Why now?

My first experience with death came when I was 16. My grandfather had a heart attack. One summer day, sitting on the beach with my cousins, my world shifted. An hour later, I was running through hospital doors only to find his lifeless body. The days that followed were dark and confusing. He had cancer - wasn’t he beating it?

The very next summer, in the same spot on the beach, my grandmother sat down beside me. “Chan, the cancer is back.” This time, she chose no treatment - just time. Her honesty gave me comfort. There was no surprise ahead, just presence. Over the next three months, I watched her fade from, as she lovingly described herself, “grandmotherly plump,” to a frail existence. I was deeply grateful for both our time together and the hospice team who guided us through.

Two years later, I said goodbye to my great-grandmother, who had captured her remarkable life story on handwritten pages bound by a single ring that has become one of my cherished belongings.

Then came my paternal grandfather; the strongest man I knew slowly declined into Parkinson’s and dementia. Bound to a wheelchair, helmet on his head, he fought death to the bitter end.

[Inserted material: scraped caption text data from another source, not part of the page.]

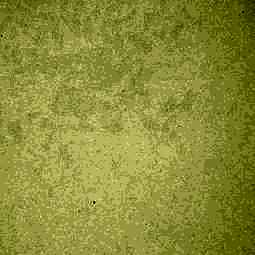 0661_LU_Желтый_Галлион_(глянец)_STD_3050x1300x0,7_Arpa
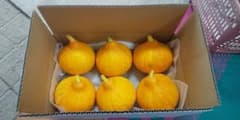 コリンキー カボチャ 長野県産のサムネイル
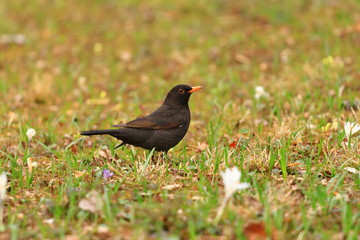 Common blackbird on meadow in backyard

And then there was my mom. The scans showed cancer spread throughout her body and into her brain. She chose to fight—for us. But it wasn’t much of a fight at all. Diagnosed in May, gone by July. My brother was 16. I was 30. Her death left a ripple that still moves through our lives in countless ways.

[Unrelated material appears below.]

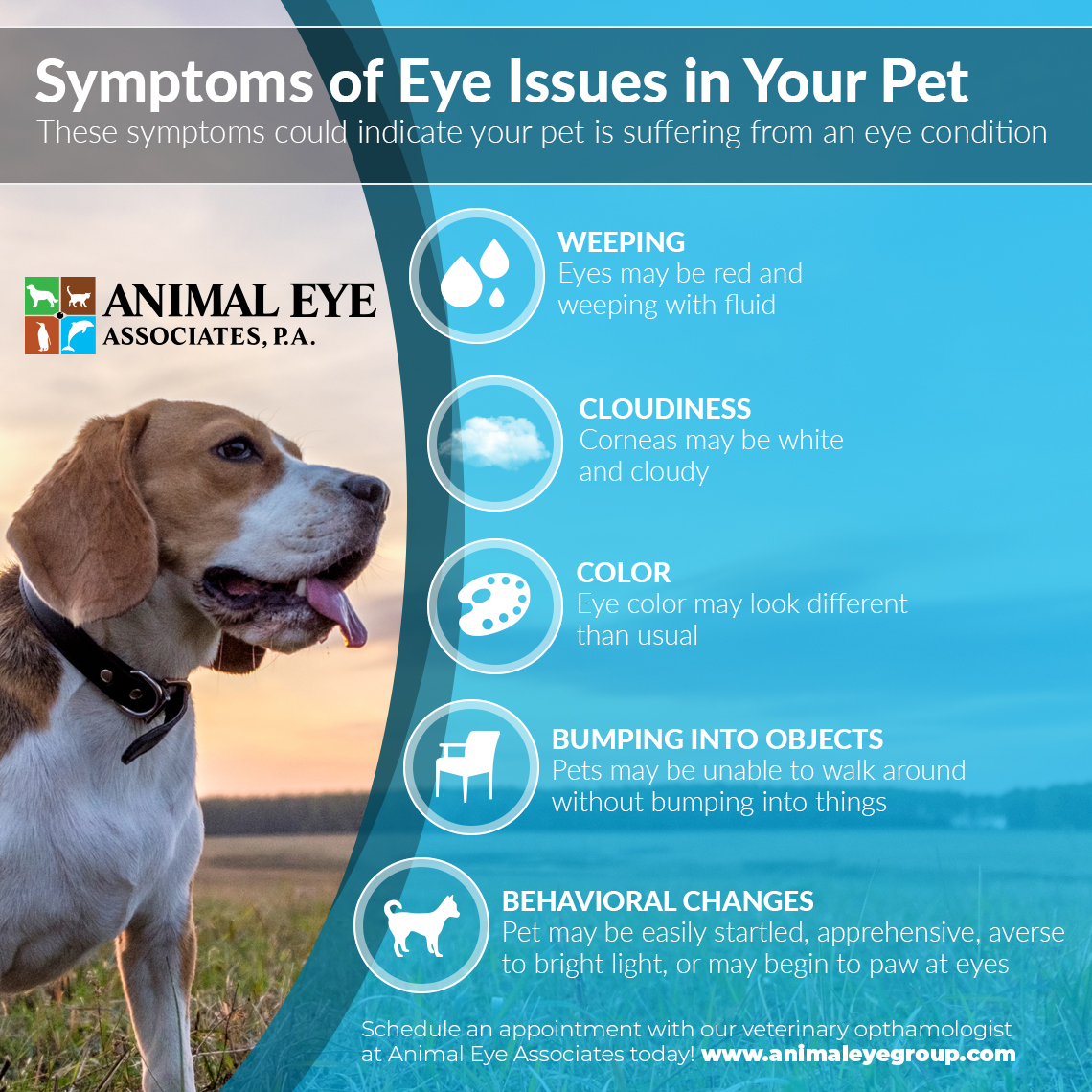 Infographic-Symptoms-of-Eye-Issues-in-Your-Pet-61d9b8ad56584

Laying in the hospital bed alongside her, while she took her last breath, death planted a seed in me. The experience attuned me to the emotional stakes and ripple effects of losing loved ones - how beauty and pain often sit side by side.

15 years later, when a mentor shared that she had hired a death doula after her own rare cancer diagnosis, I was awestruck. I didn’t even know such a role existed. A few months after her passing, I joined INELDA, completed end-of-life training, and found the calling that had been growing roots since my mother’s death.

Between and Beyond is founded on a mission is to foster open and meaningful conversations about end-of-life, minimize confusion, and transform planning into something tender and empowering. What we leave behind matters—and with courage and compassion, end-of-life preparation can become a gift that lives beyond a lifetime.